Hoe dit echter zij of worden mag - het zal duidelijk zijn dat aan den Rand een streven is niet alleen om erkenning van Hollandsch-Afrikaansche levenswaarden te verkrijgen van de internationaal of Engelsch gerichte elementen, maar ook om te geraken tot een wederzijdsch verstaan en een samenwerking in het besef van gemeenschappelijke worteling in den bodem van Zuid-Afrika. Dit te vernemen zal wellicht velen bevreemden, die zich Johannesburg voorstelden als een bij uitstek Engelsche, althans Engelsch-sprekende stad. Hun moet worden toegegeven dat de economische macht der Engelsch-sprekenden voorloopig nog een ernstige belemmering blijft voor het duidelijk doorwerken van de besproken tendenties tot aan de oppervlakte van het dagelijksch leven.

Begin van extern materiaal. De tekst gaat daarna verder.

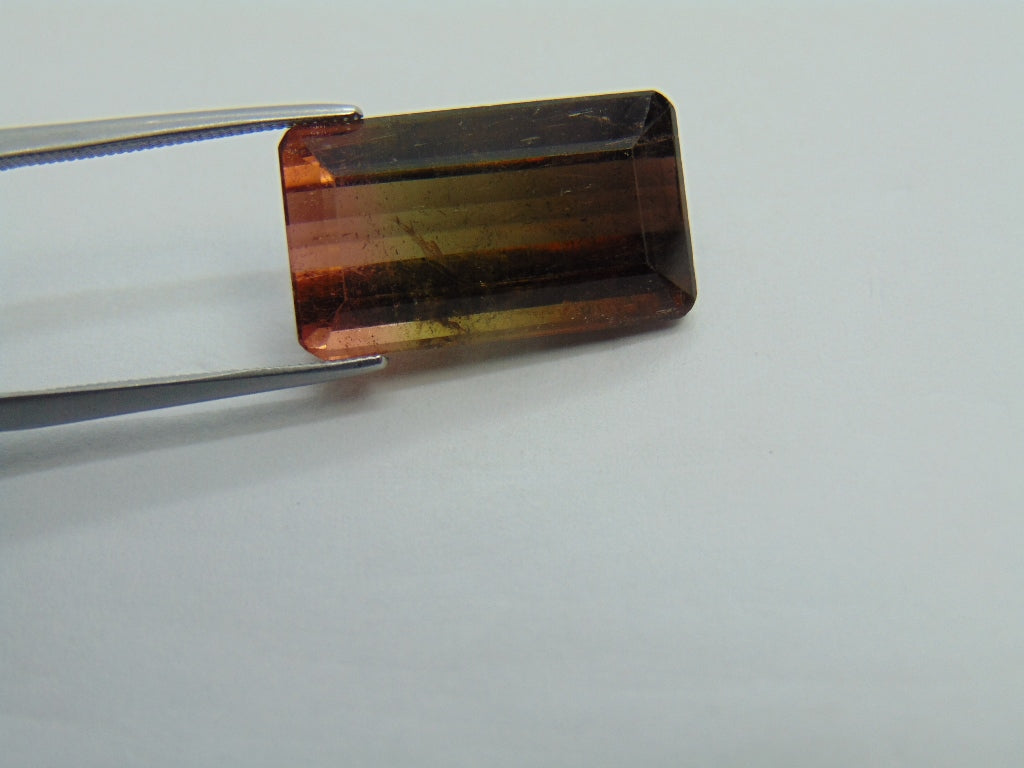 17.15cts Tourmaline (Bicolor)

Anderzijds zullen er misschien anderen zijn, die van bewust Hollandsch-Afrikaansch streven niet verwacht hadden dat het op cultureelen vrede zou aansturen. Voor hen kan het goed zijn hier een passage aan te halen uit Die Vaderland, die onlangs bij gelegenheid van het regeeringsjubileum van onze Koningin de betrekkingen tusschen Nederland en Zuid-Afrika besprekend de volgende vermaning liet hooren: ‘(Ons Hollandse vriende) moet nie probeer om ons ‘van die Engelse te red’ nie. Dit sal ons self doen. Hulle moet die feite in die oë sien en Suid-Afrika aanvaar, so nie juis aan Holland se gelyke in krag of selfs in kultuur nie, dan wel seker as Holland se gelyke in status as 'n soewereine staat met sy eie binnelandse politieke probleme. Hulle moet met ander woorde insien dat Suid-Afrika 'n soewereine staat is wat regeer word deur Afrikaanssprekendes en Engelssprekendes saam, en dat die Afrikaanssprekendes wat samenwerking met die Engelse volksdeel hier te lande begeer, net so deel van die Hollandse stam in Suid-Afrika is as dié wat van hulle ‘gered wil word.’ Ziedaar een ontboezeming, die dunkt mij ook door Dr. Coetzee zelf had kunnen zijn neergeschreven. Aan den anderen kant, Die Vaderland zou geen afzonderlijk blad aan het Nederlandsche regeeringsjubileum hebben gewijd, wanneer ook in haar omgeving niet waren de ‘baie ernstige Afrikaners’, van wie onze schrijver met instemming verklaart dat zij beseffen hoe ‘die
| |
| |
skynbare vyandige gesindheid teen Nederlands.... 'n opsetlike verarming van gees kan meebring’ en die ertoe hebben bijgedragen dat ‘die opvatting in die Transvaal al meer en meer grond wen dat die Nederlandse en Vlaamse taal, letterkunde en wetenschaplike literatuur die natuurlike agtergrond vorm van Afrikaans.’